D'ailleurs Judas, réalisant un peu tardivement la portée de ses actes, dans son implacable logique, atterré, se donnera la mort. Car il n'a pas su non plus voir en Jésus celui qui saurait être son sauveur, à lui aussi - même à lui.
Tragique destinée que celle de ces deux hommes Judas et Jésus, dont la rencontre les amène l'un et l'autre à la mort.
Si seulement Judas avait su voir ce petit bonhomme qui s'enfuit tout nu ! Peut-être était-ce une image du Royaume, fragile, vulnérable, mais qui échappera toujours à l'emprise de la force et de la violence, que rien ni personne ne pourra jamais anéantir ?
Prédication II BARABBAS
Un autre homme dont la route croise en ce jour celle de Jésus de Nazareth. Comme Judas, Barabbas n'est pas un mécréant. Lui aussi attendait la venue du Messie. Il était membre du parti des zélotes, de ce groupe qui voulait chasser par la force et la violence l'armée d'occupation de la Palestine, croyant que c'étaient là des prémices nécessaires à la venue du Royaume. Ils croyaient que pour que le Messie vienne le pays devait d'abord se débarrasser de l'occupant romain, et retrouver sa liberté politique.
Il avait oeuvré pour cela, Barabbas. Emprisonné à la suite de meurtres et d'attentats, il attendait son exécution.

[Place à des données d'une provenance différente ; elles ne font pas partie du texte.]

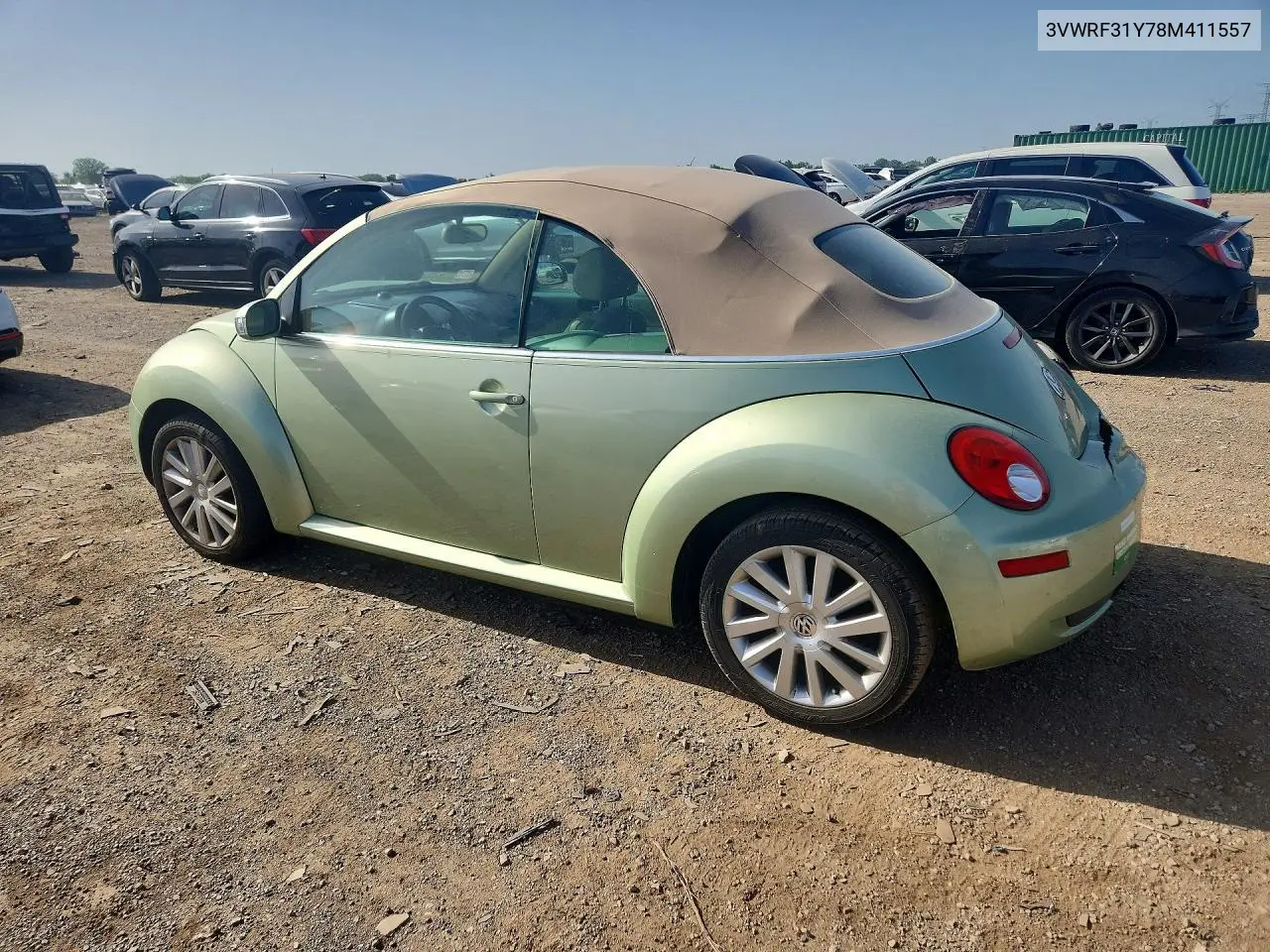 2008 Volkswagen New Beetle Convertible Se VIN: 3VWRF31Y78M411557 Lot: 73343355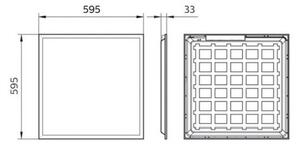 Philips Pila - LED Podhledový panel LED/40W/230V 60x60 cm UGR<22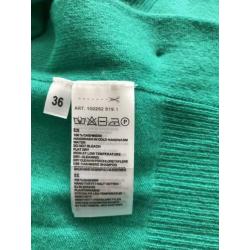 Repeat trui, 100% Cashmere, maat 36, Emerald, NIEUW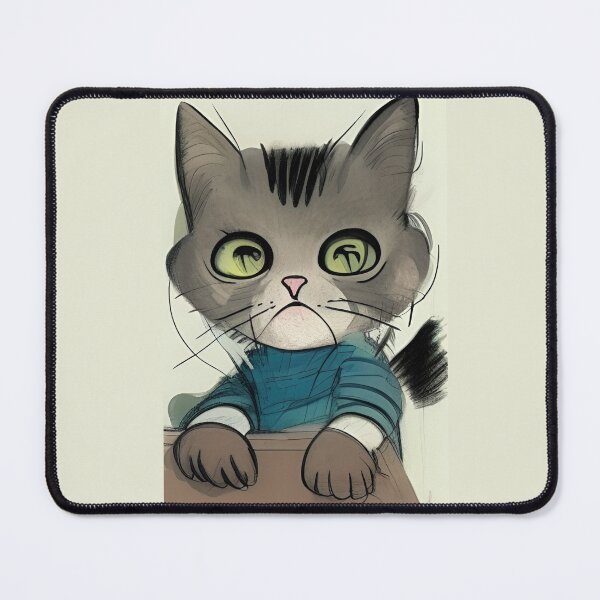 Item preview, sad cat in grunge designed and sold by shirtkosa.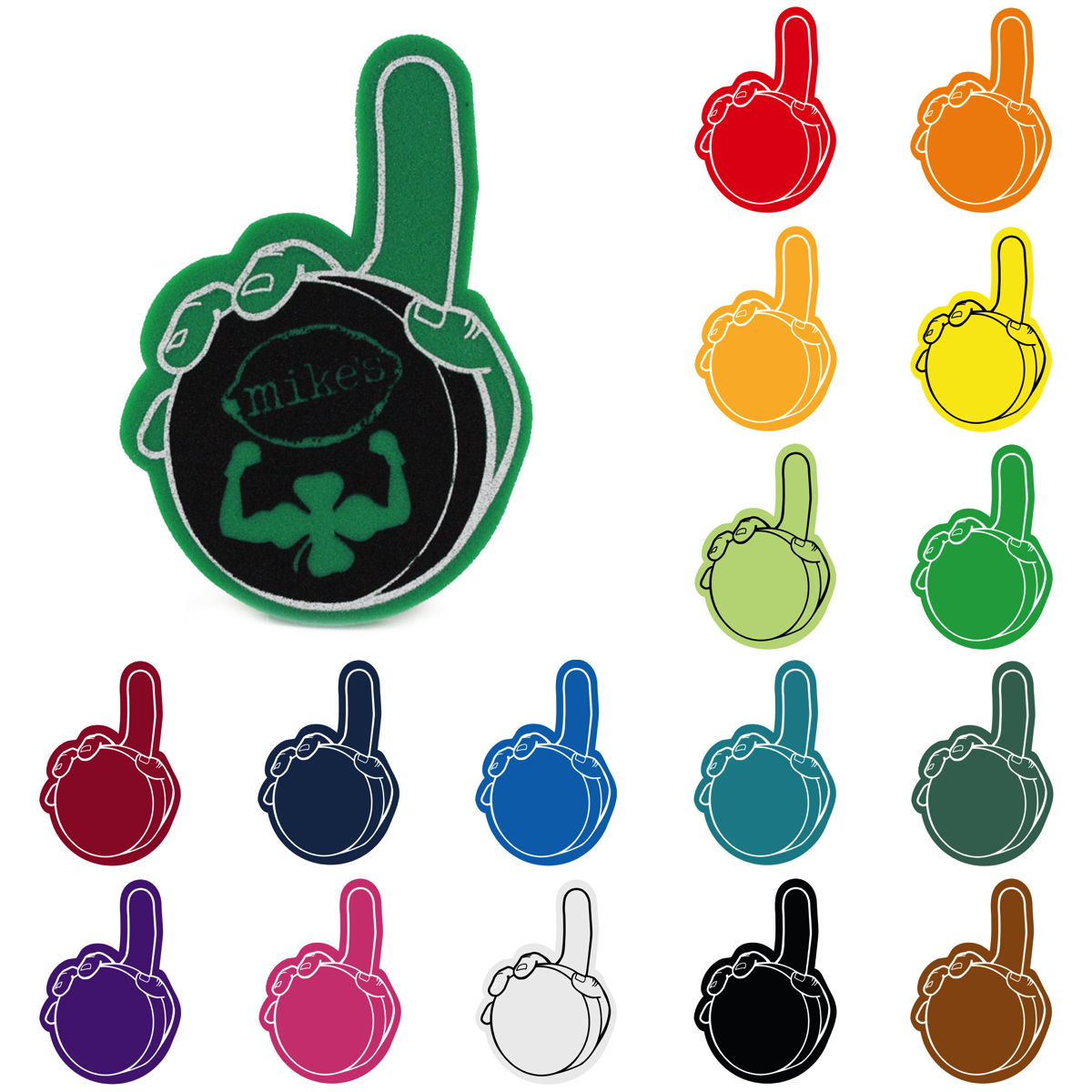 Hockey Puck Hand 17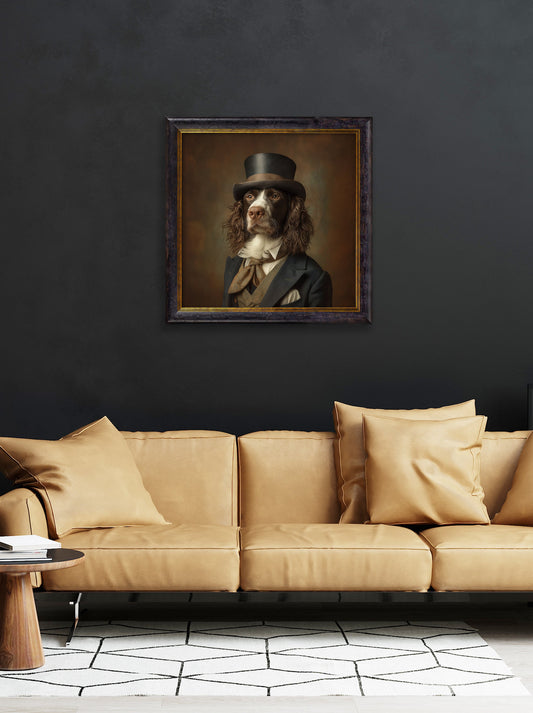 Duke Springly - Gentleman Springer Spaniel Oxford Square Frame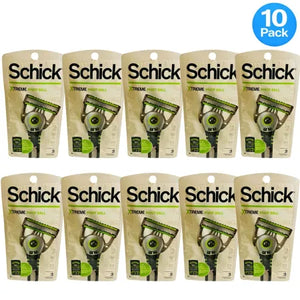 Schick Xtreme Pivot Ball Disposable Razor 3 Blade 10 Pack – New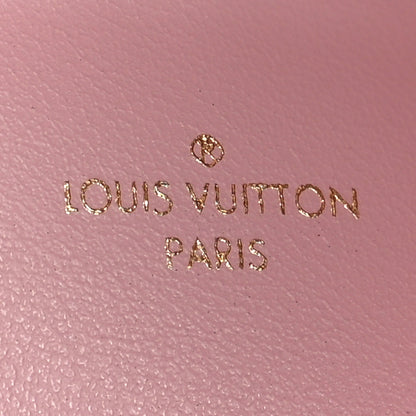 Louis Vuitton Damier Azur Felicie Chain Wallet Zippered Insert Rose Ballerine 6 of 7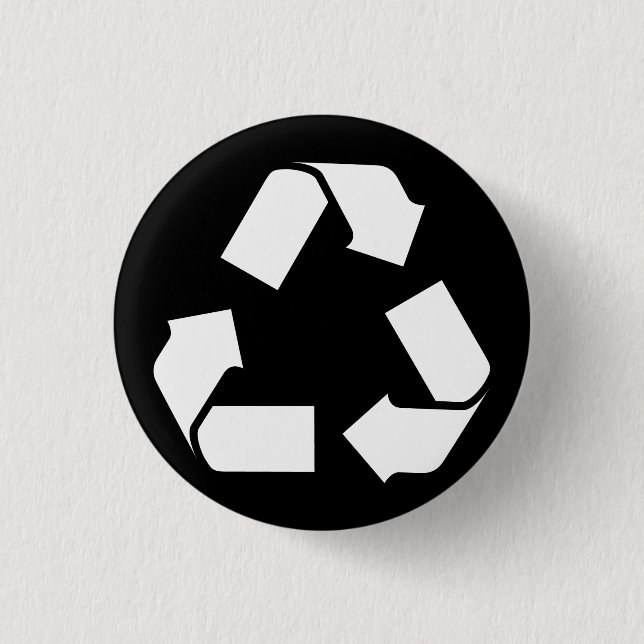 RECYCLE SYMBOL PINBACK BUTTON (Front)
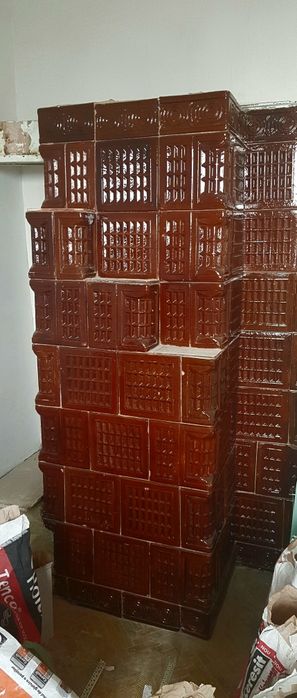 Vând sobă de teracotă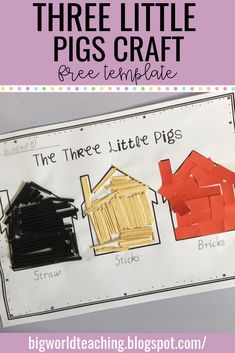 three little pigs craft is featured in this article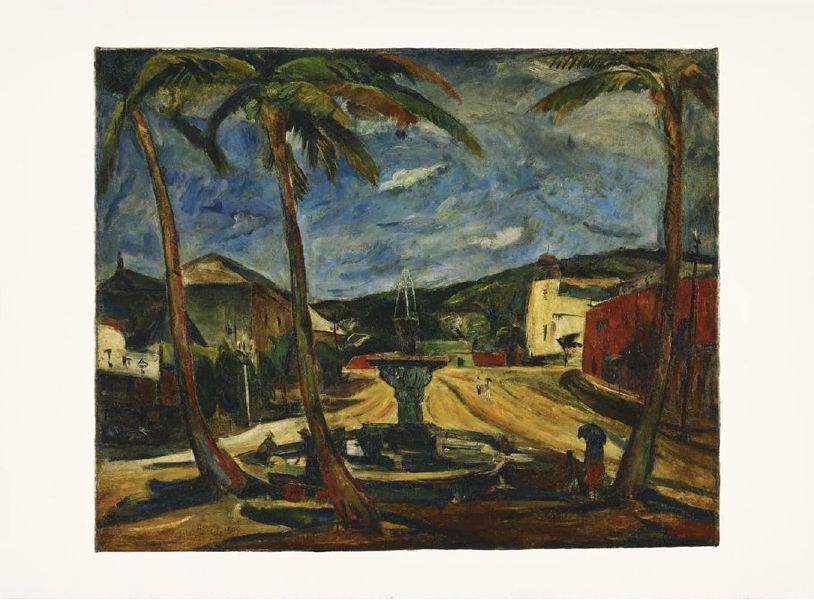 廖繼春-有椰子樹的風景，1931（2025複刻） Scene with Coconut Trees,1931 (2025 Reproductive Print)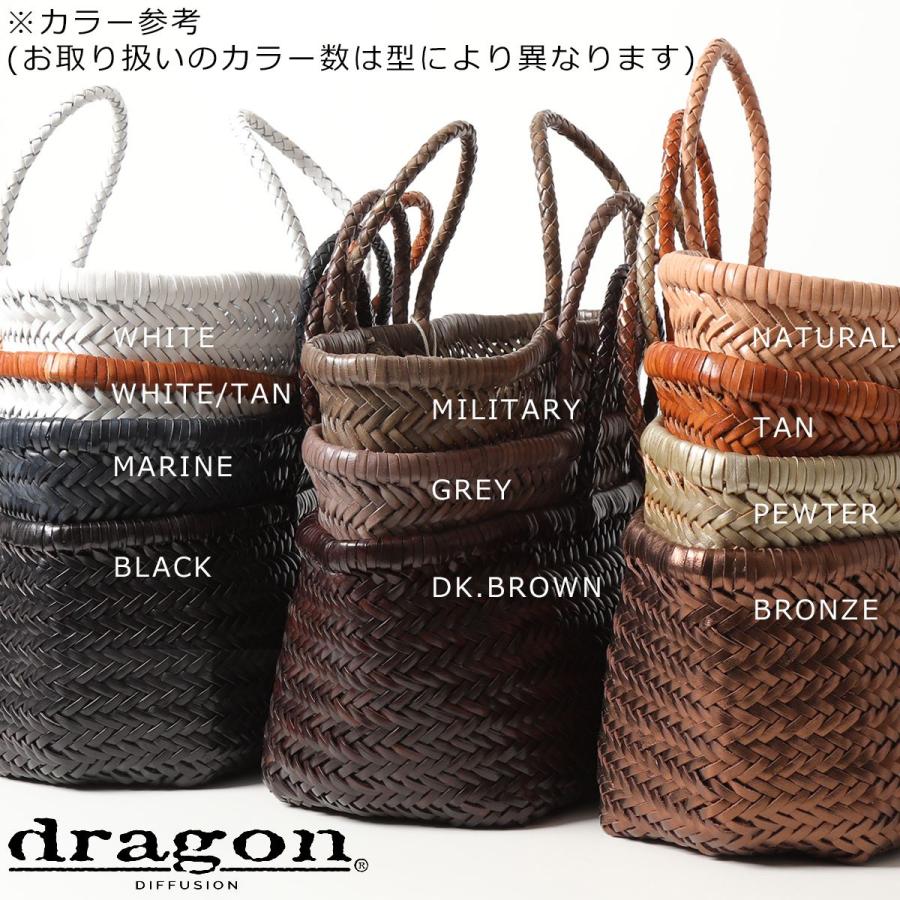 dragon diffusion ドラゴン ディフュージョン TRIPLE JUMP MINI 8855 カラー6色 レザー メッシュバッグ ハンドバッグ 鞄 レディース｜s-musee｜21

On ne sait rien d'autre de lui. Sa trame de vie a dû se dérouler bien ailleurs que dans le champ de vision des évangiles.
Et son nom ne nous est connu que par ces effrayants cris d'une foule surchauffée qui hurle : Barabbas, libère-nous Barabbas ! D'ailleurs son nom est significatif : Barabbas veut dire : fils du père. Lui aussi est un fils du Père Un fils du Père destiné à mourir. Et au dernier moment, c'est un autre fils du Père, LE fils du Père qui meurt à sa place.
Ce qui me touche, c'est que Barabbas ait été là à ce moment-là pour nous montrer que Jésus ne meurt pas simplement "comme ça", mais que par sa mort il prend la place d'un autre.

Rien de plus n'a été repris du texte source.